ENG 273 Children’s Literature
1 Term; 3 Credits
This course aims at introducing students to both the historical development and the
thematic context of children’s literature. A wide range of materials of children’s literature,
ranging from pre-school to adolescent texts, are selected for the course. Students will study
fairy tales, religious tracts of the nineteenth century, fantasy writings, picture books and other
sub-genres of children’s literature. Through examining the selected works, students will acquire
an understanding of “childhood”, identities crisis, double audience, and other critical issues
related to the writings for young readers.

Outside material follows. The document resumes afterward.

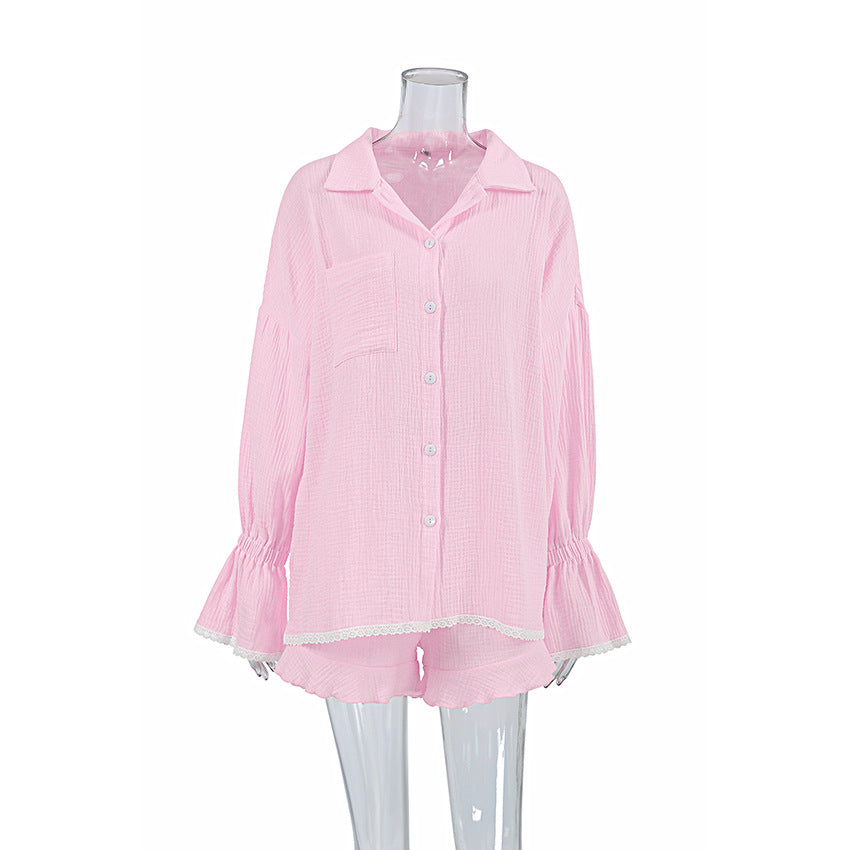 Flounce Solid Homewear Set - DippedShop Wholesale - #3875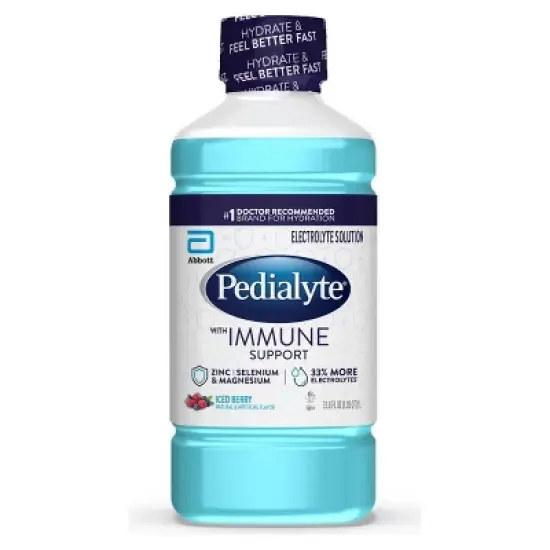 Pedialyte Immune Support Electrolyte Solution Hydration Drink - Iced Berry - 33.8 fl oz image {8}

Besides, they will also look into the debate between
education and entertainment purposes, gender stereotypes, multicultural writings, the use of
visual language, and adaptations of children’s texts.
ENG 274 Modernist Fiction
1 Term, 3 Credits
This course introduces students to the themes and forms of modernist fiction within their
cultural and historical milieus. Students first explore the artistic and intellectual movements and
cultural positions of the period (1900-1945). Primarily, we take up the core epistemological
question in Modernism (the so-called “crisis of representation”), and then the ideological and
psychological significance of modernist experimentations, their narratology, the issue of gender
in modernist writing, and the interplay between politics, form and style in our selected texts.

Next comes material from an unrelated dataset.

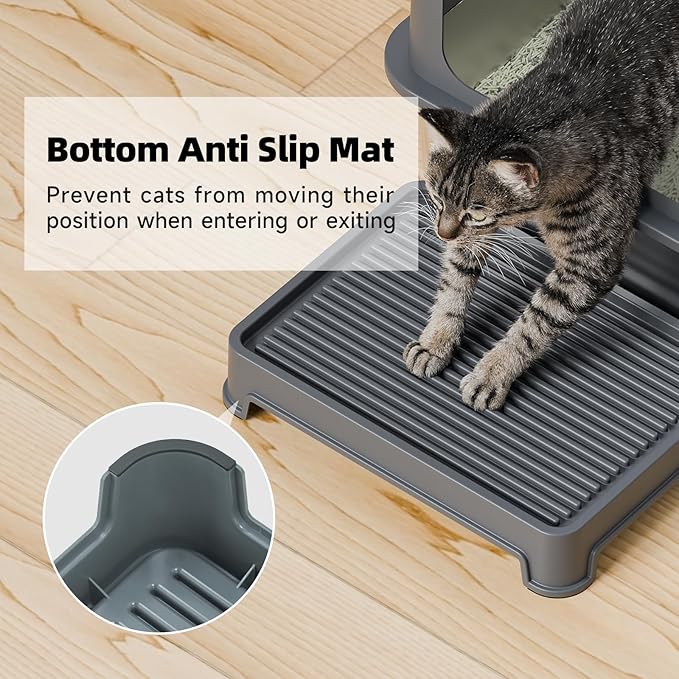 Cat Ramp for Litter Box Elevated Litter Ramp for Cat Litter Boxes, Washable Easy Cleaning Steps with Filter Functions Suitable for Small & Elderly Cats(14"x10"x2.5")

Students survey the works of major modernist writers, and in the latter part of the course, move
towards the limits of the modernist canon which may have heralded the appearance of post-
modernist discourse.
ENG 283 Literature and Film
1 Term; 3 Credits
The aim of this course is to familiarise students with the multiple relationships between
literature and film through in-depth analyses of major literary and cinematic works. It aims to
explicate essential differences as well as similarities among literary genres such as novel,
drama/theatre, and poetry, etc. and their translation onto the screen. Theories of print and
media culture respectively will be brought forth, in order for students to develop a firm grasp of
their (historically) different modes of operation, regimes of representation, as well as their
aesthetic conjunction under certain circumstances. Issues of adaptation will be highlighted in
the juxtaposition of literary ‘original’ with cinematic counterpart.
ENG 284 Modern Drama
1 Term; 3 Credits
The aim of this course is to familiarise students with modern drama and its characteristics.
The course will examine a few representative plays from the modern period and survey the
major aesthetic and cultural movements of the twentieth century.